25 Model Serving

Chapter 25: Model Serving Strategies🔗

"How you serve a model is just as important as how well you trained it."


25.1 Serving Patterns Overview🔗

┌──────────────────────────────────────────────────────────────────────┐
│                    MODEL SERVING PATTERNS                            │
│                                                                      │
│  ONLINE (Real-Time)     BATCH               STREAMING                │
│  ┌─────────────────┐   ┌──────────────┐    ┌──────────────────┐     │
│  │  REST API        │   │  Score file  │    │  Kafka consumer  │     │
│  │  gRPC            │   │  in bulk     │    │  Flink job       │     │
│  │  WebSocket       │   │  (overnight) │    │  Pub/Sub         │     │
│  │                  │   │              │    │                  │     │
│  │  Latency: <100ms │   │  Latency:    │    │  Latency: ~1s    │     │
│  │  Throughput: med │   │  Hours       │    │  Throughput: high│     │
│  │  Use: fraud det. │   │  Use: recs   │    │  Use: IoT, feeds │     │
│  └─────────────────┘   └──────────────┘    └──────────────────┘     │
└──────────────────────────────────────────────────────────────────────┘

25.2 Online Serving (REST API)🔗

The most common serving pattern — expose the model as an HTTP endpoint.

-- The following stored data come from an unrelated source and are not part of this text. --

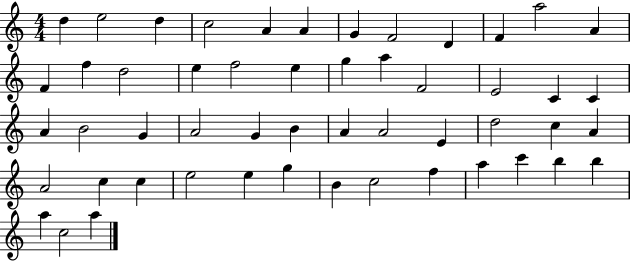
{
  \clef treble
  \numericTimeSignature
  \time 4/4
  \key c \major
  d''4 e''2 d''4 | c''2 a'4 a'4 | g'4 f'2 d'4 | f'4 a''2 a'4 | \break f'4 f''4 d''2 | e''4 f''2 e''4 | g''4 a''4 f'2 | e'2 c'4 c'4 | \break a'4 b'2 g'4 | a'2 g'4 b'4 | a'4 a'2 e'4 | d''2 c''4 a'4 | \break a'2 c''4 c''4 | e''2 e''4 g''4 | b'4 c''2 f''4 | a''4 c'''4 b''4 b''4 | \break a''4 c''2 a''4 | \bar "|."
} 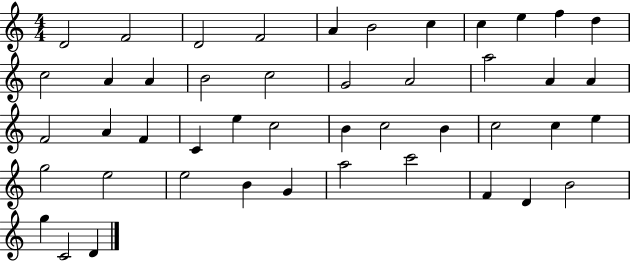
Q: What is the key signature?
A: C major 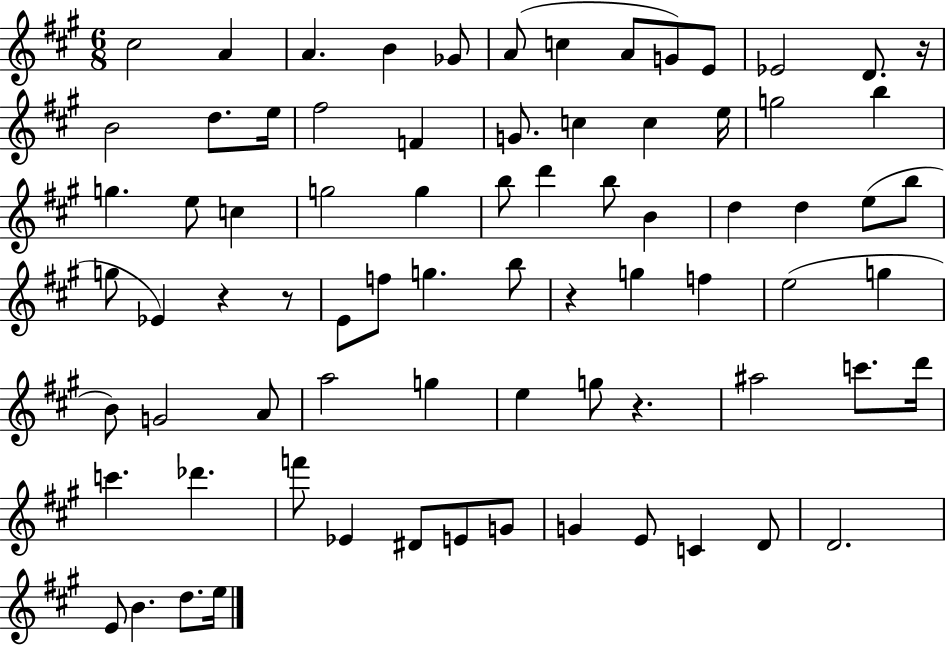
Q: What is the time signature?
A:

# src/serve.py — FastAPI model server
from fastapi import FastAPI, HTTPException
from pydantic import BaseModel, validator
import pickle
import numpy as np
import time
import logging
from prometheus_client import Counter, Histogram, generate_latest
from starlette.responses import Response

logging.basicConfig(level=logging.INFO)
logger = logging.getLogger(__name__)

app = FastAPI(title="Churn Prediction API", version="2.0.0")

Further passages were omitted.